Last month, the Conservative movement’s Hekhsher Tzedek Commission unveiled a 150-page draft of standards for evaluating the ethical aspects of kosher food production. The standards will eventually be part of a new certification system to help consumers choose foods that not only adhere to ritual requirements but are also prepared in keeping with Jewish ethical teachings.
It remains to be seen whether the large food manufacturers that dominate the kosher food market will sign on to the certification program and if a critical mass of consumers will seek such a label. But while Hekhsher Tzedek takes a top-down approach, small-scale newcomers like Rabbi Margalit, Feil and Kimelman-Block — urban professionals in their 30s and 40s who are influenced by books like Michael Pollan’s “The Omnivore’s Dilemma” and the recent scandals at the Agriprocessors kosher slaughterhouse — have begun stepping forward to bring a kinder, gentler (and pricier) kosher meat to the American Jewish table.
“Until suppliers step forward, even kosher consumers who want to can’t, or couldn’t, eat kosher ethical grass-fed pasture-raised meat,” says Nigel Savage, the founder and director of Hazon, a Jewish environmental group that focuses extensively on food-supply issues. “What we’re now seeing, with some lag, is the beginnings of a number of opportunities for people to do that.” (The Hekhsher Tzedek standards to date do not address the exact same issues that these meat purveyors do, but there is some overlap.)

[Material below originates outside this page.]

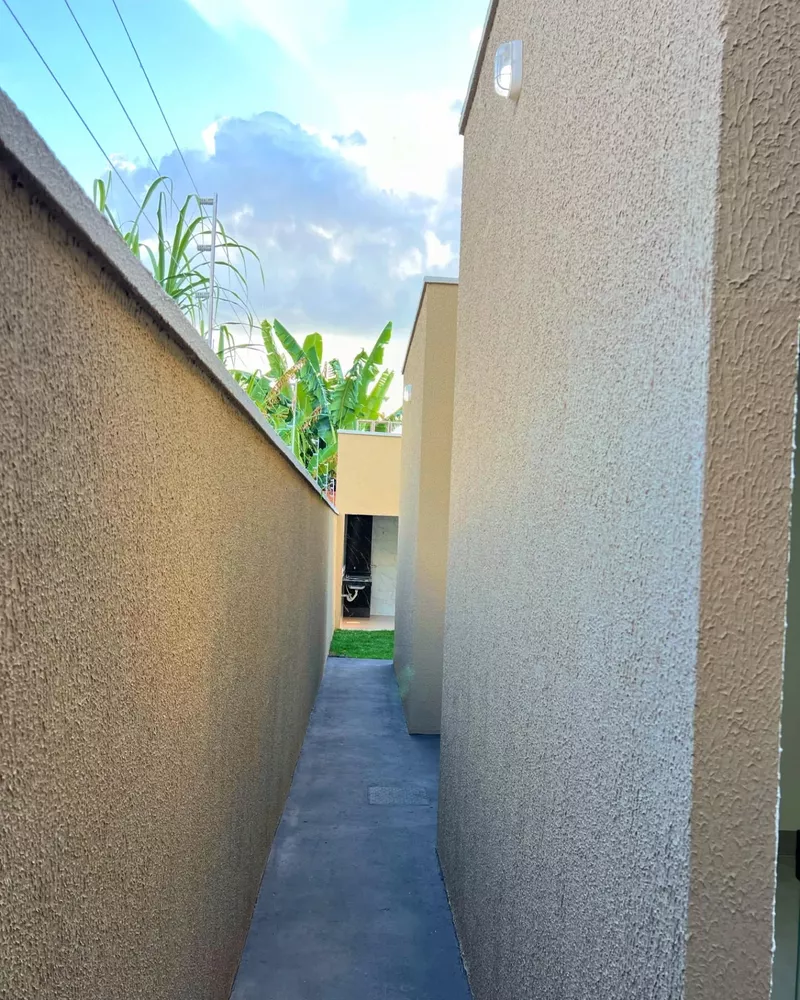 Casa, 2 quartos, 85 m² - Foto 1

These new meat pioneers never expected to become so intimately familiar with animal carcasses. Instead they stumbled upon the endeavor simply because they were looking for such meat for themselves — and discovered it was not readily available.
“When I realized that kosher didn’t also mean humane, I had two choices: to become a vegetarian or create kosher meat that also adhered to Jewish values across the spectrum,” says Feil, explaining why in 2006 he created Kosher Conscience, a small poultry- and meat-buying cooperative in New York.
Like non-kosher meat, most kosher meat in American supermarkets and restaurants has been raised on enormous, crowded farms and slaughtered in large meat-processing plants. Such practices have fueled increasing criticism. Many scientists, environmentalists and others argue that conventional meat production, often called “factory farming,” poses serious public health risks and a slew of environmental problems. In addition, critics argue that common industry practices — such as feeding livestock corn and soy, rather than grass or other grains, and depriving them of access to the outdoors — are inhumane and lead to nutritionally inferior products.
Straddling a middle ground between conventional kosher meat and the new grass-roots efforts are large-scale purveyors of kosher, organic, “natural” and free-range meat — such as Wise Organic Pastures — available at many upscale supermarkets. However, these companies still keep animals in relatively confined conditions on large farms.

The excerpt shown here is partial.